大田花き 大田花きコーポレートサイトへ
 

« 筋が通って、キップがいい | トップ | 不易なるものへの憧れ »

2006年7月17日

簡潔な暮らしを提案する

 7月のお盆の立会は出遅れていた高冷地からの花が日に日に増えていく中での展開で、ちょうど昨年と全く逆、下げ基調での相場で展開された。卸売価格は安値に泣いたが、小売店はまぁまぁで今後メリハリの利いた夏本番の市況となっていくことだろう。

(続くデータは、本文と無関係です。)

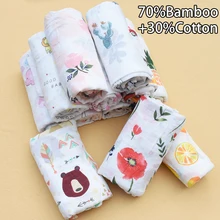 Buy Pink Swan 70%Bamboo+30%Cotton Baby Muslin Swaddle Blankets Soft Breathable Baby Warp Infant Bath Towel Wrap Baby Swaddle Free Shipping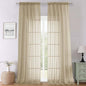 Taupe Sheer Curtains 120 Inches Long 2 Panels Set, Rod Pockets Light Filtering by Lecloud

 お盆前に母の住む池上へ行くと、なんと香りの良いことに畳を張り替えてあった。7年ぶりだそうだが、新しい畳に寝転がるのは本当に気持ちが良い。不思議なもので、畳に寝転がって天井を見上げていると、それだけで広々としたところにいる気分で、普段、椅子と机と壁紙でできた箱の中で生活しているのとは違って、心が広々とする。そのようなことを感じながら居間へ行き、母と妹に「庭も植木屋さんに入ってもらってきれいになったね。」と言うと、そこからお金の話になった。これはあくまでも相対的なものだが、畳の張替えに比べ、植木屋さんの方がちょっと高いという。たしかにそれはそうだが、そんなことを言ったら、床屋や美容室の方がもっと高いだろう。生きているものの姿を整えるということは、技も必要だし、頻繁にしなくてはいけないから高く付く。でも楽しみといえば楽しみだ。「ヘアスタイルならぬ、庭のスタイルもちょっと変えてみては?」と話した。

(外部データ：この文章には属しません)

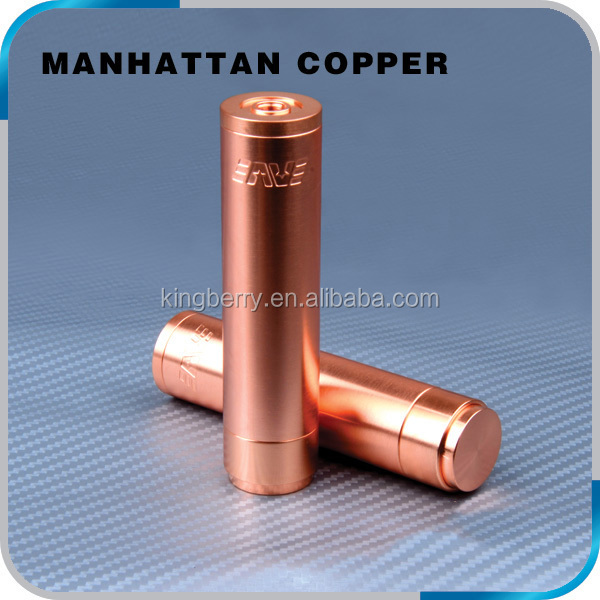 2014 new mechanical mod copper manhattan mod clone 1:1 manhattan mod high quality from kingberry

 明治も20年を過ぎると、新しい国の形が整ってきた。板垣退助が久しぶりに嵐山に赴くと、彼が見た嵐山の風景と違う。そばの料亭の下足番だと思ったが男に聞くと、江戸時代、幕府はこの嵐山の借景に手を入れていたという。板垣退助は徳川幕府の心を知るのである。美術品だけでなく立ち振る舞いや、今でも靴をそろえて上がること。また、日本の社長が海外に新しく拠点を設けるときにその国の民族の生活ぶりを見て、これなら大丈夫だとお金以外の価値を推し量り、建設するどうか判断の材料にする。今日、日本に悪平等は少なくなってきたが、その分ものさしが金一辺倒になってしまうのは困る。金や効率で物事を推し量ることがあって当然だ。しかし、それ以外のもので物事を考える、それ以外のものでも大切な尺度がある。それはご都合主義にとらわれない、山川草木の真善美である。
こうした心持ちに私たちがなったとき、ホテルの観葉植物の造花は、バブルのとき以来久しぶりに生きている植物となる。その前の段階に今、花き業界はいる。生き物の本物の良さを営業するときが来たのだ。